Towhee received a few comments (good) on her condition too


----------



## TheZ's (Jun 13, 2011)

Congratulations to Ajax and Comet. They look like it's was an exhausting day.


----------



## Ljilly28 (Jan 22, 2008)

There they are- the good boys! Congratulations to Comet and Ajax ( and Miss Towhee too).


----------



## Vhuynh2 (Feb 13, 2012)

That's great news! Congratulations.


----------



## MikaTallulah (Jul 19, 2006)

Sunrise said:


> Congratulations
> 
> Towhee received a few comments (good) on her condition too


Towhee you go girlhood getting you figure back after the pups! The boys have nothing on you.


----------



## MikaTallulah (Jul 19, 2006)

Congratulate boys you sexy red heads!


----------



## Tahnee GR (Aug 26, 2006)

Congratulations!
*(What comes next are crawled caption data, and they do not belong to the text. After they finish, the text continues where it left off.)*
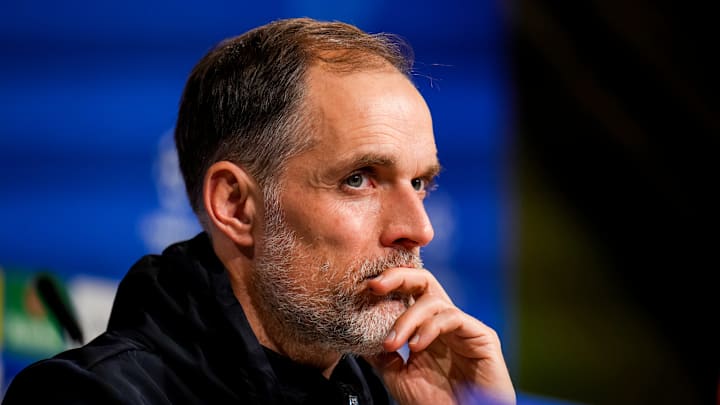 Tuchel hat sich zum neuen Bayern-Assistenztrainer geäußert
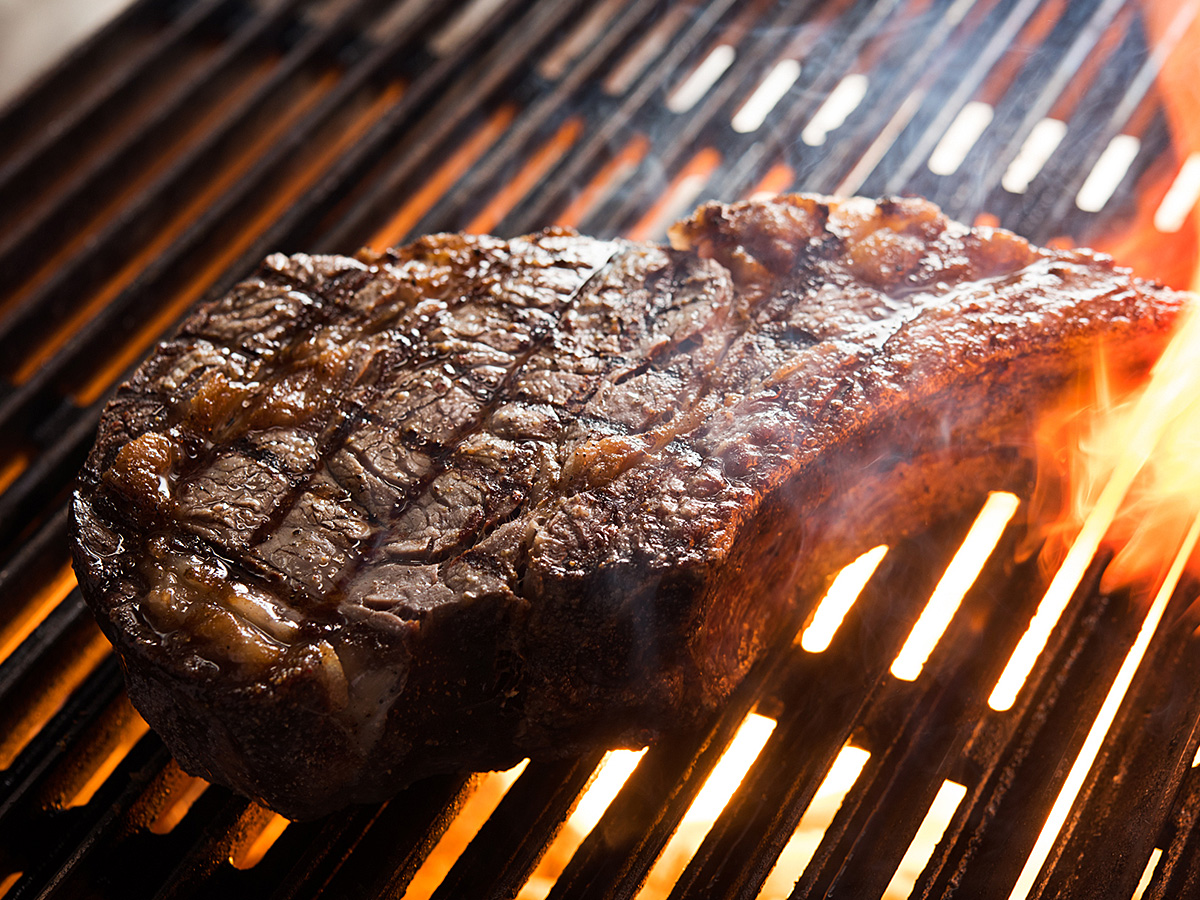 ワカヌイグリルダイニングバー東京の施設画像1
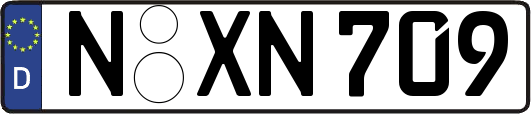 N-XN709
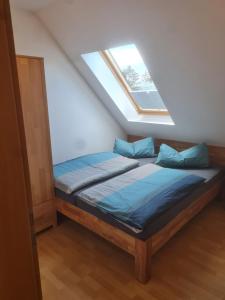 Pension Seeschlösschen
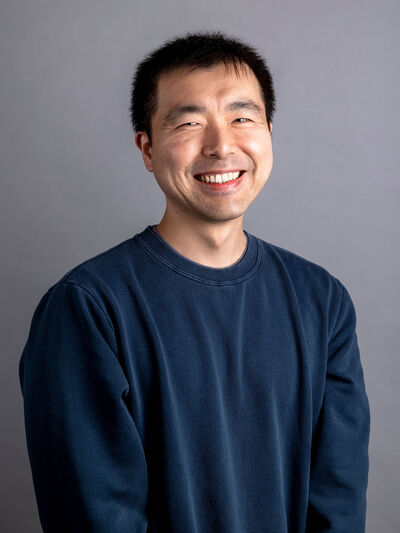 Kwangwoon Lee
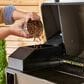 TYTUS Emberwood Portable Pellet Smoker in Gunmetal Gray, , large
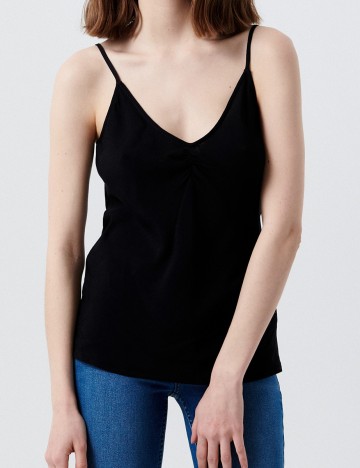 Maiou CROPP, negru, S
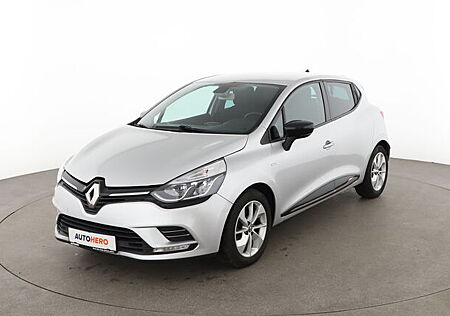 Renault Clio 1.2 Limited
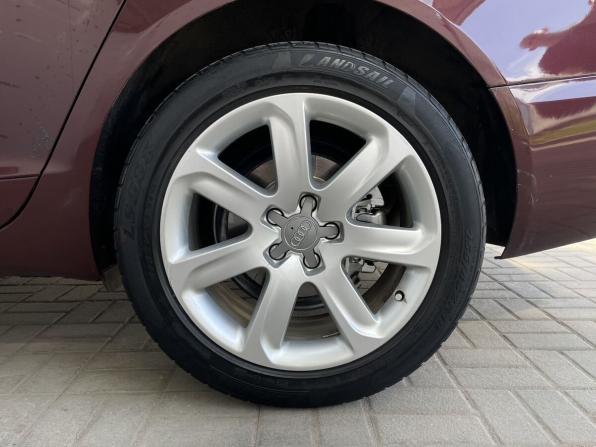 Audi A6 III (C6) с пробегом 2006 года, цена 895 000 рублей, 284172 км, седан, Автокод Объявления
It can be a long day,not surprised the boys crashed!


----------



## inge (Sep 20, 2009)

Congratulations!


----------



## sammydog (Aug 23, 2008)

Congratulations on your two new CCAs! I really enjoyed the evaluations when I did it as well. Great learning experience!

Love the pic of he two.


----------



## drofen (Feb 2, 2013)

Gorgeous, gorgeous boys, with or without the new letters at the ends of their names!

Congrats!


----------



## Rainheart (Nov 28, 2010)

Wonderful news, congrats!


----------



## Nairb (Feb 25, 2012)

Congratulations. 




Sent from Petguide.com Free App


----------



## Nairb (Feb 25, 2012)

Tippy, I have a question. I asked in the other thread, but now that you've been through the process, you're probably more prepared to answer. Does handling of the dog come in to play at all in the scoring, or is it ALL about the dog?


----------



## MaureenM (Sep 20, 2011)

Congratulations!!!


----------



## hotel4dogs (Sep 29, 2008)

congratulations! it's fascinating, isn't it?


----------



## tippykayak (Oct 27, 2008)

Nairb said:


> Tippy, I have a question. I asked in the other thread, but now that you've been through the process, you're probably more prepared to answer. Does handling of the dog come in to play at all in the scoring, or is it ALL about the dog?
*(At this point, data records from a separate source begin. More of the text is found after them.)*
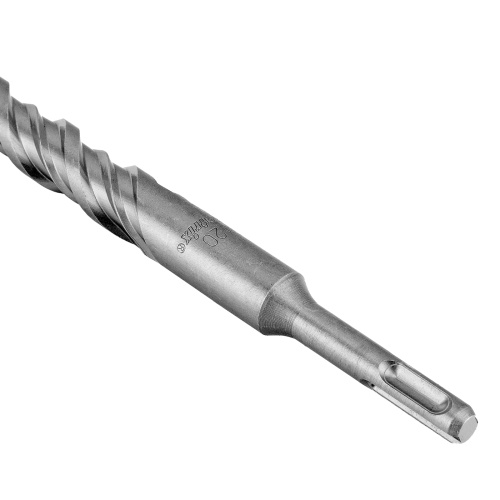 Бур по бетону, 20 x 600 мм, SDS Plus Matrix фото 4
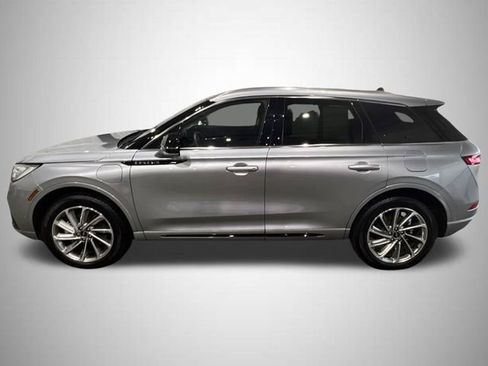 Used 2024 Lincoln Corsair Grand Touring w/ Equipment Group 302A image 6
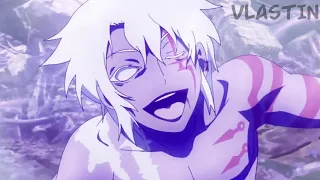 「 AMV 」D Gray Man Hallow --- Silent Scream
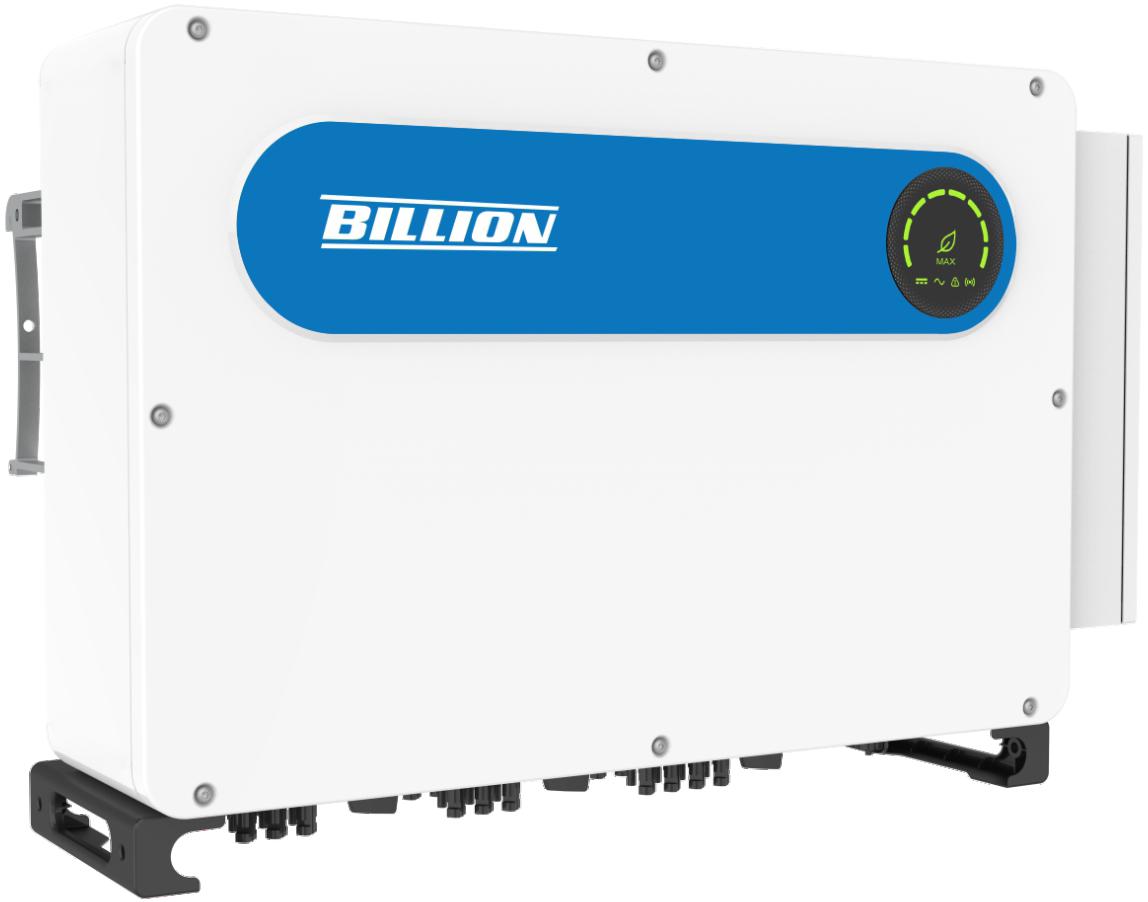 Billion Electric Co., Ltd.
Bear in mind this is just from my experience this weekend. Other people who have helped run CCAs or who've been evaluators could probably speak more authoritatively.

I think it's supposed to be all about the dog, and it really did seem to be as much about the dog as possible. Even so, I do think if I weren't such an inexperienced handler, I might have gotten a point more here or there. If Jackie's croup looks steep, I might have been able to minimize that by actually stacking him strategically and training him to allow himself to be stacked (as opposed to putting his foot wherever he wants). However, the evaluators really seemed to make the effort to watch the dog stand and move and stand and move to try to see past any bad handling.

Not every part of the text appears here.